Tents (camp 1) North Col ©EverestNews.com
Update May 20th:
SUNDAY, MAY 22, 2005 - WE ARE IN
THE CHINESE BASE CAMP
"We haven't had time to
assimilate all the events of the last three days, we have it very clear that
the objective is to accelerate the return to Katmandu the most we can, and
even more because of the state of Xavi. So we went down to the Chinese Base
Camp this morning, we had already prepared all the material there was in
Advanced Base Camp this morning, so that it arrives to Katmandu in the next
days. For us the top priority is to guarantee Xavi's descent, who is not able
to walk in this conditions. the solution was found in three fantastic Tibetan
porters that carry him in a stretcher by turns during all the descent. We
have to add that the trail that is usually done in 4 to 5 hours has taken more
than 8, luckily at the end we are all in the tents of the Chinese Base Camp.

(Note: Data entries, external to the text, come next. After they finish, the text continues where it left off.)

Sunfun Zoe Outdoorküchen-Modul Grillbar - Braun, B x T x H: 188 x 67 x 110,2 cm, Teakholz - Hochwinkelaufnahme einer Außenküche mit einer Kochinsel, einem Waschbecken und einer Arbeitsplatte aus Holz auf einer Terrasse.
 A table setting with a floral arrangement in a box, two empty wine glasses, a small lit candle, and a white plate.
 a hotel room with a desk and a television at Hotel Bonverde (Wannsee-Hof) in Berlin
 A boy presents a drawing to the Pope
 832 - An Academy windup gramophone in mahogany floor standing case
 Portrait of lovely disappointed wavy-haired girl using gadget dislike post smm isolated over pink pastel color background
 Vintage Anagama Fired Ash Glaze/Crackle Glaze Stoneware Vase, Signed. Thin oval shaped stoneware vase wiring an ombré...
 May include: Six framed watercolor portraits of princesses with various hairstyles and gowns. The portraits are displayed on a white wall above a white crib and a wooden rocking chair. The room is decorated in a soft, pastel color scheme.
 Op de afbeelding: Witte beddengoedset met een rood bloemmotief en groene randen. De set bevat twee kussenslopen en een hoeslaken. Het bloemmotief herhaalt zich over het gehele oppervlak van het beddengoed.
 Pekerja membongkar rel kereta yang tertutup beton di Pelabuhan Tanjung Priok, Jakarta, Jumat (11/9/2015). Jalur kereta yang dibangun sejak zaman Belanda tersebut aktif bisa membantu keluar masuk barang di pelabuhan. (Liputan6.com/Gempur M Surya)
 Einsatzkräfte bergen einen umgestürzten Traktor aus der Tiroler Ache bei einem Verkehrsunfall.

Now we will try to make the return to Katmandu by Jeeps, planned for the
24th, a day earlier.
Good night from the warmer
Chinese Base Camp.
SATURDAY, MAY 21, 2005 -
SUMMIT ATTEMPT -
The decision of the
Esplugesaleverest Expedition was to take advantage, if possible, of the good
weather on the last attempt; Xavi Arias was the one to attempt the final
attack with two Sherpas.
Albert Carbonell and Merce
Vidal remained in Base Camp, while Agusti climbed towards Camp II.
At 20:00h our time yesterday,
May 22, Xavi left Camp III (8,400m) to attempt the final attack.
At 3:00h of the morning we
got notice that he turned around at 8,500m because there was bad weather and
had some problems with his feet, and while he was going down to Camp III, he
had an injury in an ankle, and that made the descent very slow.
Around 19:00h our time, the
four of them were in Base Camp, they were sad for not achieving the objective
of the expedition, but happy for their personal achievements.
If all goes well, the return
of the expedition will be on May 28 at 03:00h in l'Aeroport del Prat.